Branchen | Israel | Künstliche Intelligenz
Israels Vorsprung bei KI steht auf dem Prüfstand
Internationale Big-Tech-Unternehmen nutzen Israel als Standort für die Entwicklung von KI-Anwendungen. Die Herausforderungen nehmen aber zu.
15.01.2025
Von Wladimir Struminski | Israel
Israel gilt als Hightech-Nation und belegt dies auch mit einer führenden Position bei der Entwicklung der künstlichen Intelligenz (KI). Im "Global AI Index" des britischen Medienunternehmens Tortoise lag das Land 2024 auf Platz 9 von 83. Führend sind die USA, gefolgt von China. Der Index erfasst eine Kombination aus Indikatoren in Clustern wie Fachkräfte, regulatorischer Rahmen, aber auch die Marktgröße und das Geschäftsumfeld. Daraus ergeben sich sowohl Rückschlüsse auf die absolute Leistungsfähigkeit der Länder als auch darauf, wie diese im Verhältnis zur Bevölkerungszahl und Wirtschaftskraft dastehen.
Ein genauerer Blick offenbart die Herausforderungen, vor denen Israel trotz der guten Position steht. So konnten Länder wie Frankreich oder Deutschland ihre Positionen in den vergangenen Jahren verbessern und Israel überholen, das 2021 noch auf Rang 5 des Global AI Index lag. Israel punktet vor allem mit der großen Zahl und der regen Aktivität von KI-Firmen sowie dem hohen technologischen Entwicklungsstand und den hoch qualifizierten Arbeitskräften. Dagegen gibt es bei der Politik der Regierung zur Förderung der KI-Branche erhebliche Mängel. Zudem läuft die Integration von KI-Lösungen in die lokale Wirtschaft und Verwaltung schleppend.
Ausländische Techgiganten betreiben die größten Zentren
Trotz der gemischten Erfolgsbilanz bietet Israel ausländischen Unternehmen zahlreiche Chancen zur technologischen und kommerziellen Zusammenarbeit. Im Dezember 2024 waren im Land 2.157 KI-Firmen tätig. Das geht aus der Datenbank der gemeinnützigen israelischen Hightech-Organisation Start-up Nation Central (SNC) hervor. Die Zahl entspricht 31 Prozent aller israelischen Hochtechnologieunternehmen. Mit 66 Prozent verfügten die meisten KI-Firmen über marktgängige Produkte.
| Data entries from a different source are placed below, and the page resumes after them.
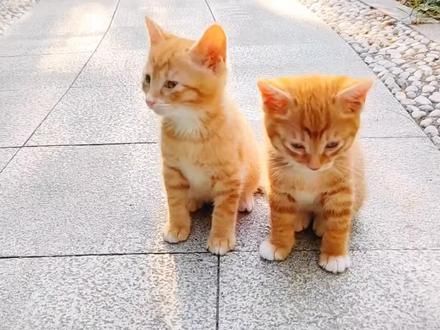 宠物解说：百元以内就可以养的猫咪，你最喜欢哪只？ #萌宠 #宠物 #家有萌宠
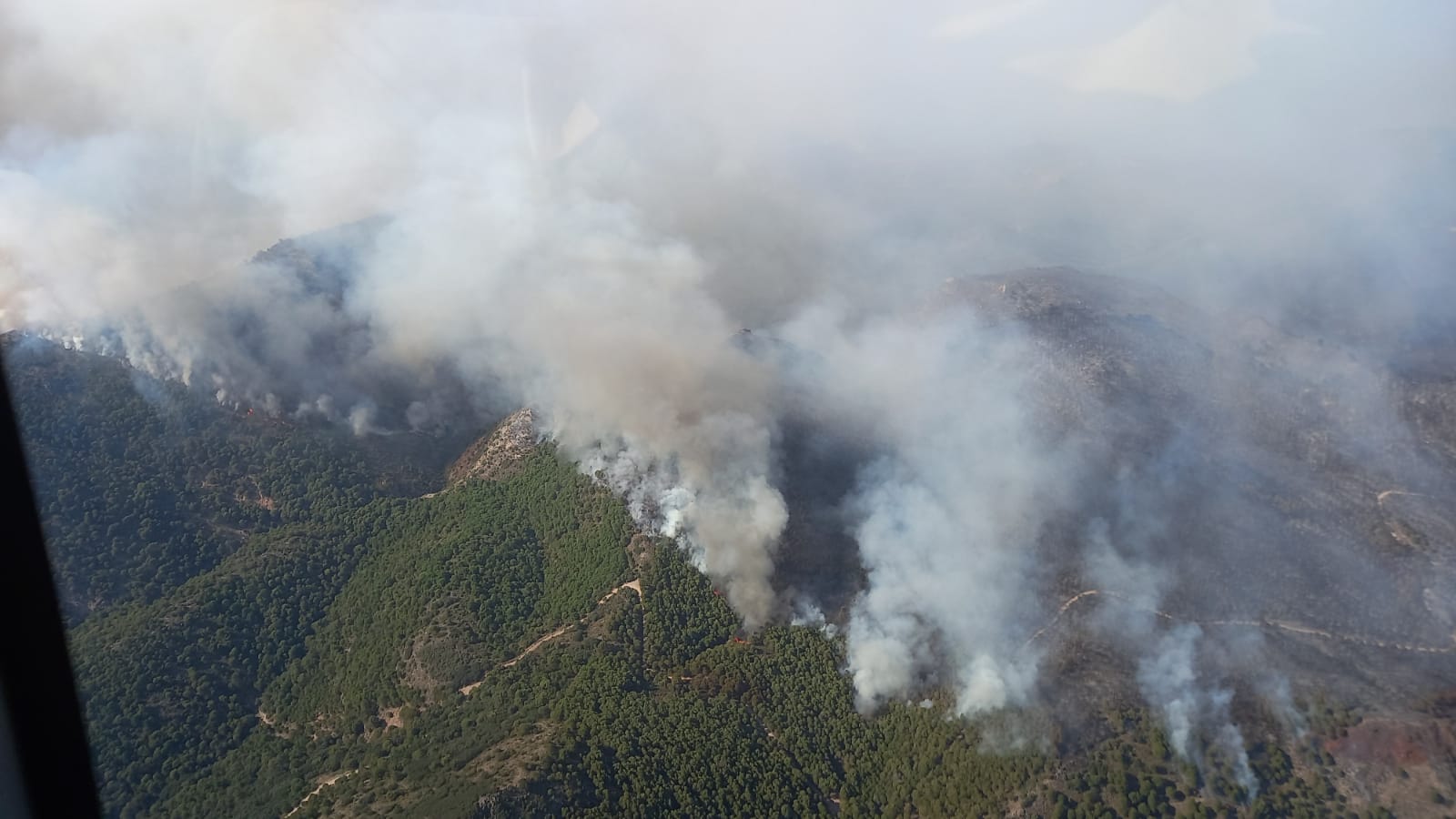 Photos: The Alhaurín el Grande fire, from the air | Sur in English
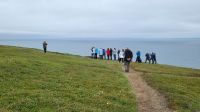 Rundreise Island - Fotostopp bei den Puffins (Papageitaucher)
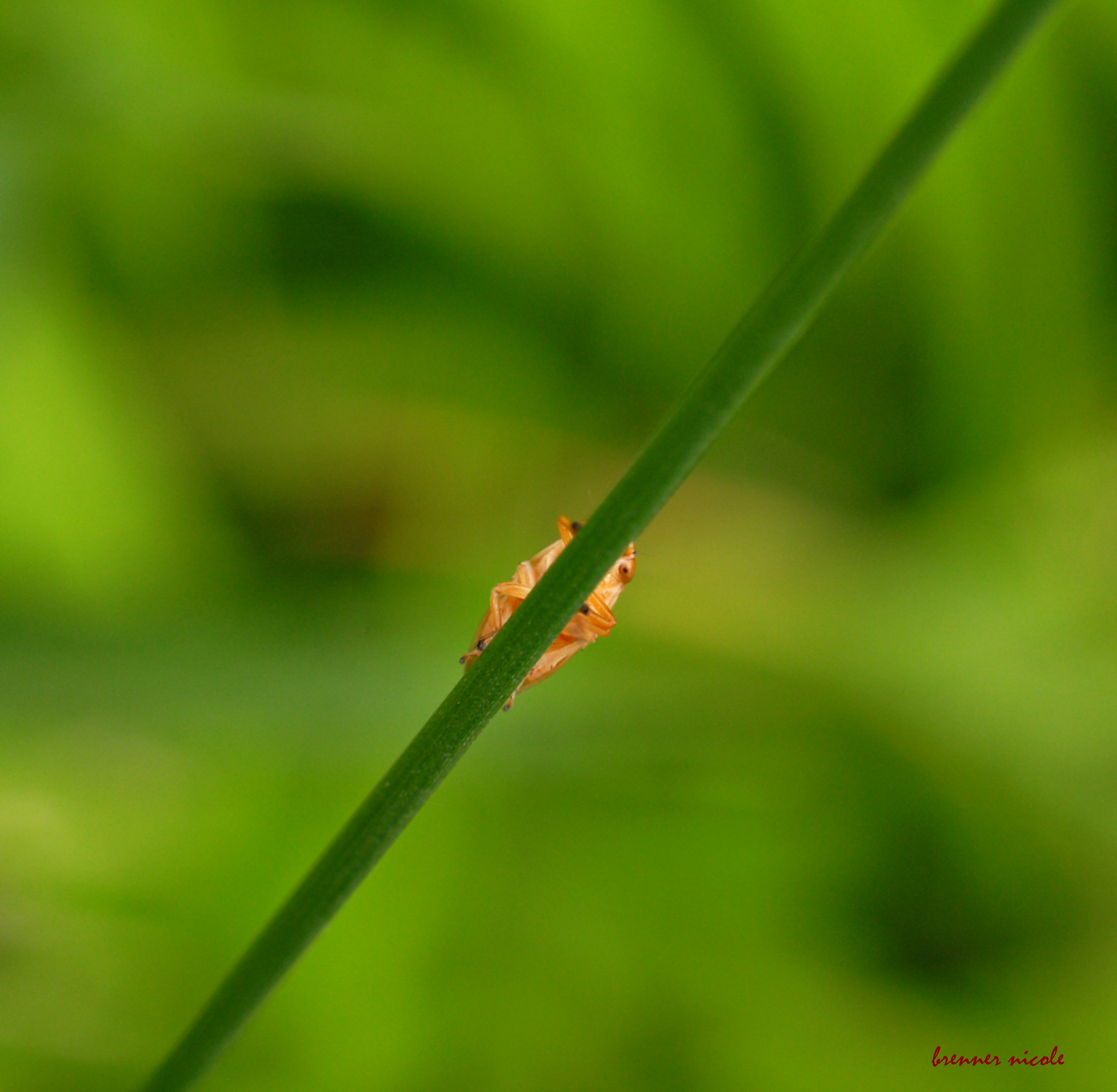 Nikon AF-S DX Micro Nikkor 40mm F2.8 sample photo. 198.jpg photography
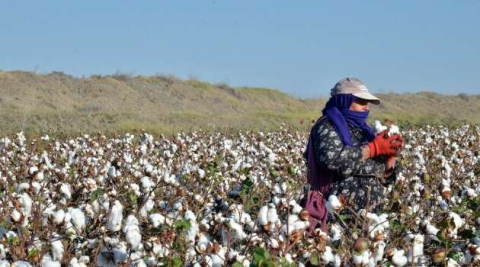 İncefikir: “Pamuk üretimimiz, iç tüketimimizi karşılamıyor”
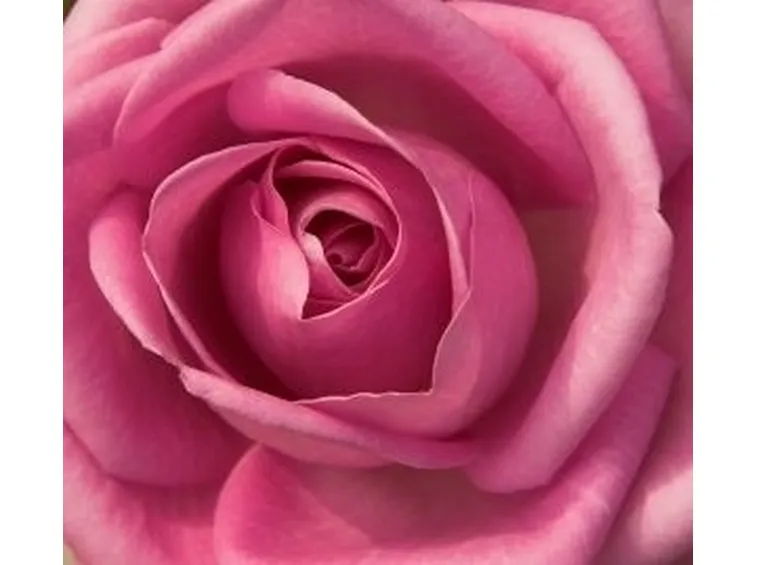 significato della rosa rosa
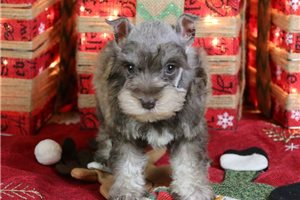 Nigel - Schnauzer, Miniature for sale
Ein großer Teil der Unternehmen ist relativ klein. Im Dezember 2024 beschäftigten 45 Prozent von ihnen bis zu zehn Mitarbeitende. Es gibt jedoch auch eine Reihe von größeren Unternehmen: Ende 2024 hatten 70 Unternehmen einen Personalbestand zwischen 200 und 500, immerhin 47 hatten mehr als 500 Mitarbeitende.
Überdies unterhalten 32 ausländische Unternehmen in Israel Forschungs- und Entwicklungs- oder Innovationszentren für KI. Die größten dieser Zentren, mit jeweils mehr als 500 Mitarbeitern, gehören Amazon, Intel, Google, Microsoft, Motorola und Nvidia. Ende 2024 waren zudem 17 ausländische Wagnis- und Beteiligungskapitalfonds in der israelischen KI-Branche tätig.
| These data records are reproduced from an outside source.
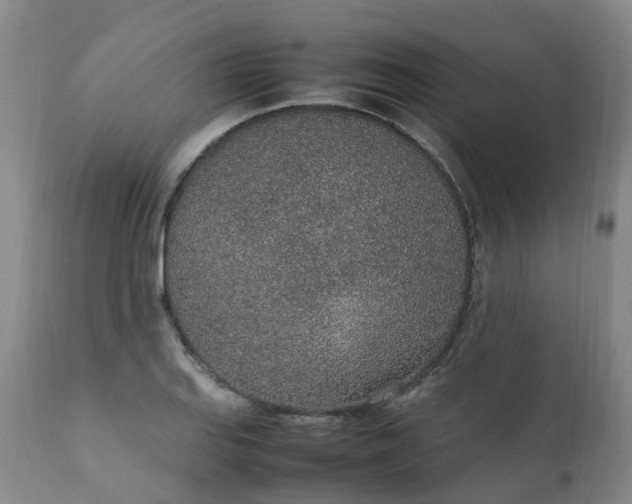 X0000111251127200907091417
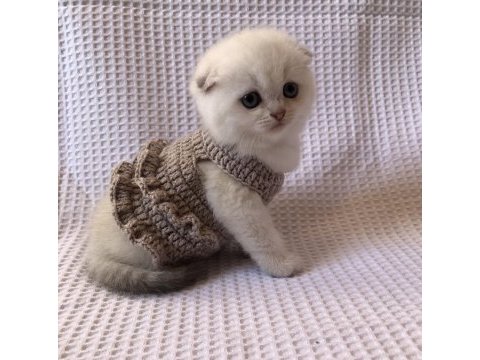 Pamuk scottish fold çocuklar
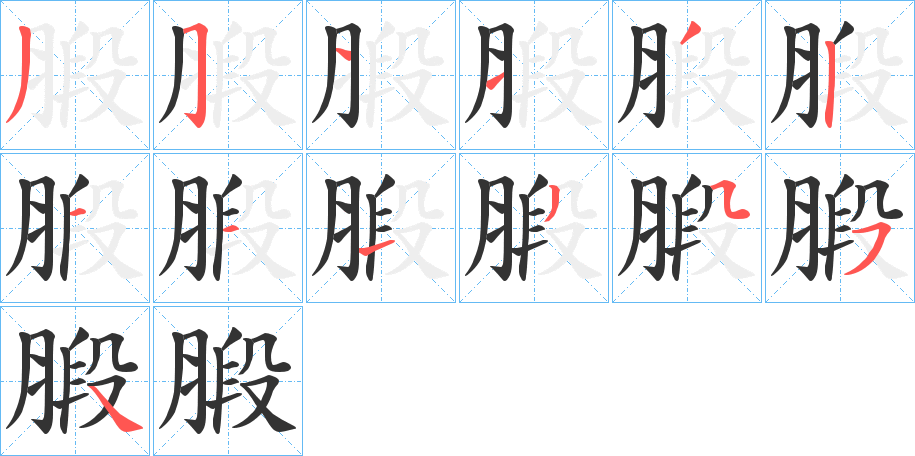 腶的笔顺分步演示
Start-ups in Israel ziehen KI an
Das wichtigste Betätigungsfeld für KI im Land ist Softwareentwicklung. Nach Angaben des israelischen Think-Tanks RISE boten 2024 insgesamt 61 Prozent aller KI-Unternehmen Lösungen für den Softwarebereich an. Hier spielt die Stärke Israels in der Entwicklung von Cybersecurity-Lösungen eine Rolle.
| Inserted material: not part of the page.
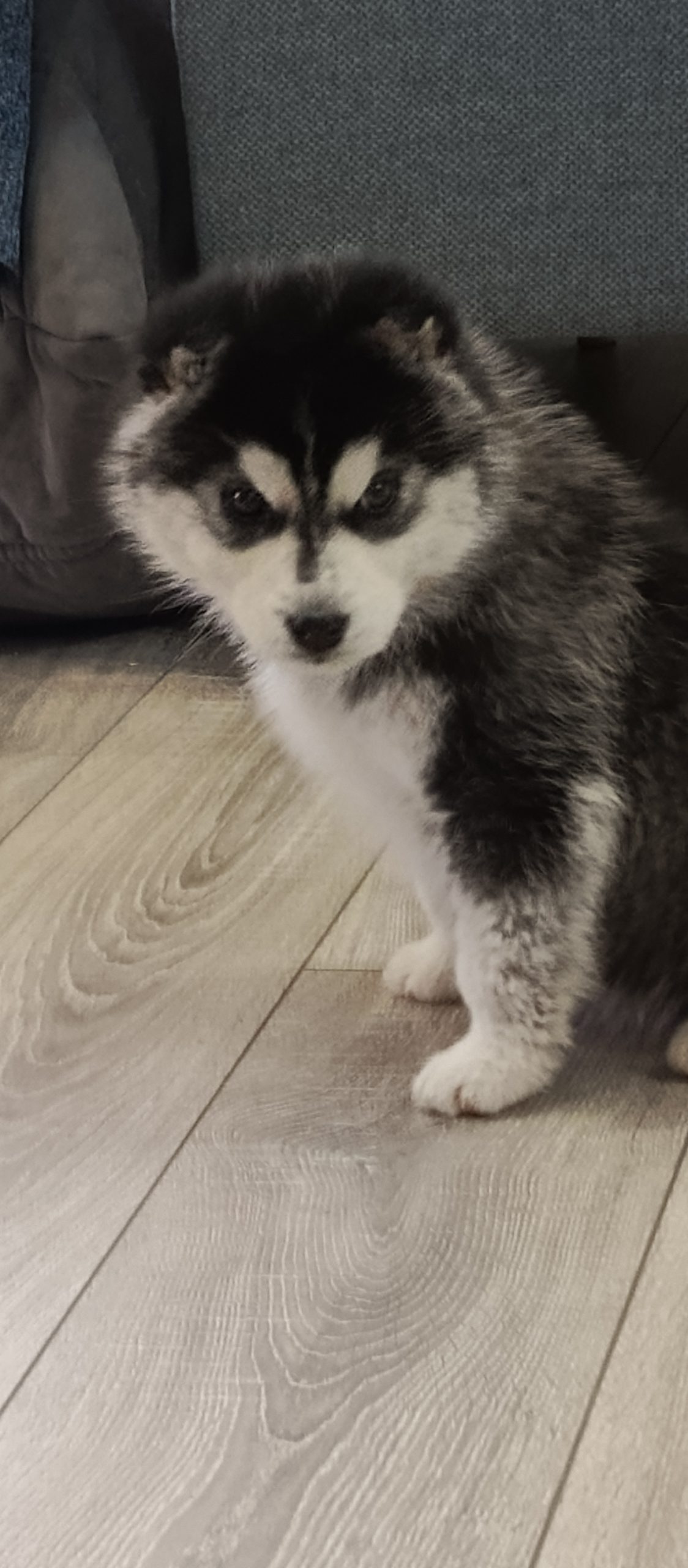 IMG_20250316_135755_832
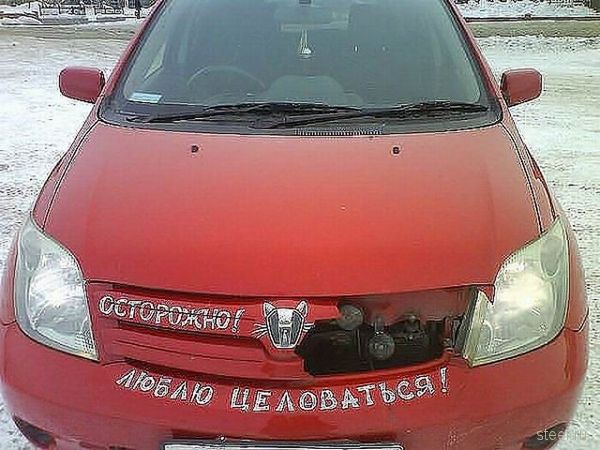 Послания на автомобилях (фото)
2023 gab es nach Angaben der Wagniskapitalgesellschaft YL Ventures einen Boom bei der Gründung von israelischen Cybersecurity-Start-ups. Diese würden mit dem Einsatz von KI nun den nächsten Schritt gehen, so eine Analyse des Unternehmens. An zweiter Stelle der KI-Nutzer lag der Biowissenschaftssektor. Andere Branchen spielten eine untergeordnete Rolle.
Anwendungsbranche | Anteil an KI-Unternehmen |
---|---|
Software | 61 |
Biowissenschaften | 18 |
Kommunikationstechnik | 7 |
Agrartechnologie | 4 |
Cleantech | 2 |
Halbleiter | 1 |
Sonstige Technologien | 7 |
Laut einer Studie von Deloitte (mit F2 und Google) hat Israel vor allem bei der Entwicklung von KI-Anwendungen beste Chancen, sich als führender internationaler Standort weiterzuentwickeln. Das gelte insbesondere für solche Lösungen, die sich auf eine bestimmte Anwendungsbranche spezialisieren. In den letzten Jahren sei fast die Hälfte aller KI-Investitionen in diesen Bereich geflossen. Auch für branchenübergreifende Mehrzwecklösungen sieht Deloitte hohes Entwicklungspotenzial. Den Bereichen Hardware, Infrastruktur und Cloud schreibt die Studie mittelhohe Wachstumschancen zu.
Harter Kampf um den Klassenerhalt
Bei allen Erfolgen hat die israelische KI-Szene auch grundlegende Schwächen. So sehen die Experten von Deloitte in Israel nur geringes Potenzial bei KI-Grundmodellen (Foundation Models) und bei der Anwendung des Quantencomputings zur Verbesserung von Algorithmen. In diesen Bereichen bestünden erhebliche Eintrittsbarrieren, vor allem wegen des massiven Investitionsbedarfs. Einem kleinen Land wie Israel falle es schwer, diese Barrieren zu überwinden.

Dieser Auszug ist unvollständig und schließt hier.